Klangfeuerwerk übertönt Böller

2.1.2019, 10:06 Uhr
Klangfeuerwerk übertönt Böller

© Foto: Florian Burghardt

Der Silvestertusch gehört seit 2000 zu den Besonderheiten, mit denen sich Fürther kultiviert auf den Jahreswechsel einstimmen. Doch diese Tradition bewahrte ihn heuer nicht vor der Konkurrenz der Knallerei. Denn die musste wegen der närrischen Zahlensymbolik im Jahr 2018 noch während des Konzerts punkt 20.18 Uhr gezündet werden.

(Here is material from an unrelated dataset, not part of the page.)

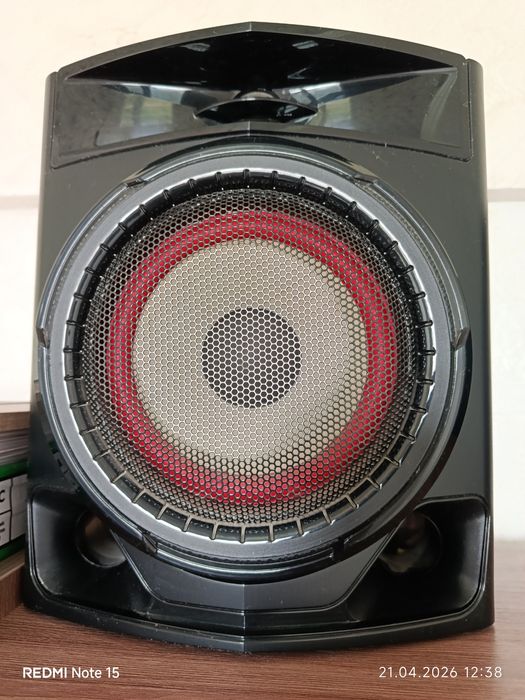 Музыкальный центр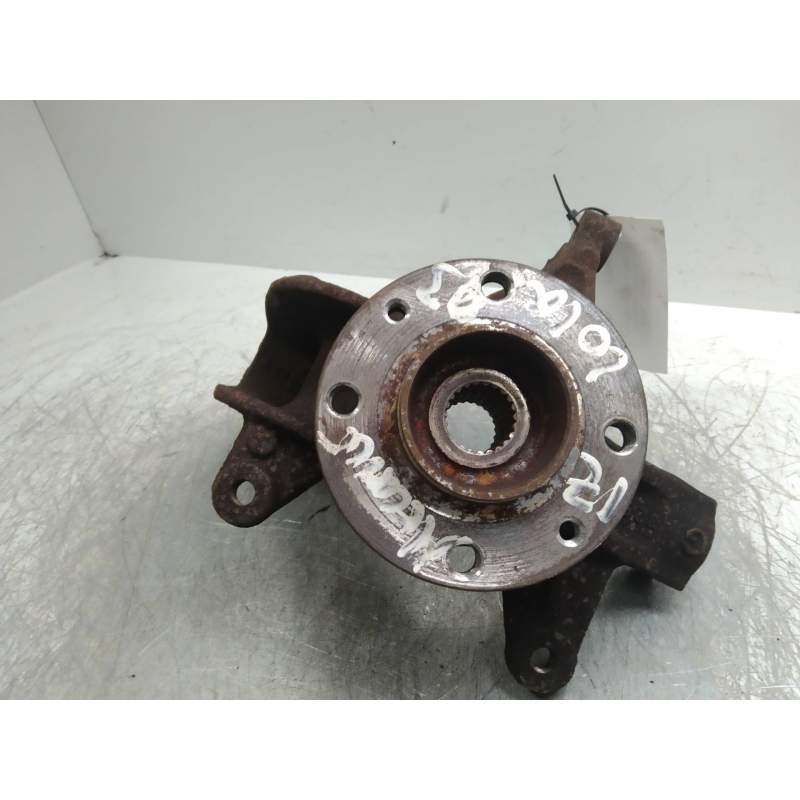 Recambio de mangueta delantera izquierda para renault megane ii classic berlina 2.0 referencia OEM IAM  20G 2003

Zum Glück war da in der Kirche gerade der "Ochse auf dem Dach" unterwegs – eine als Filmmusik geplante Orchesterfantasie, die Darius Milhaud 1919 unter dem Eindruck seines Brasilienaufenthalts komponiert hatte. Ein ganzes Orchester ersetzen an diesem Abend zwei Pianistinnen: Kirchenmusikdirektorin Sirka Schwartz-Uppendiek und die Südkoreanerin Yulim Kim.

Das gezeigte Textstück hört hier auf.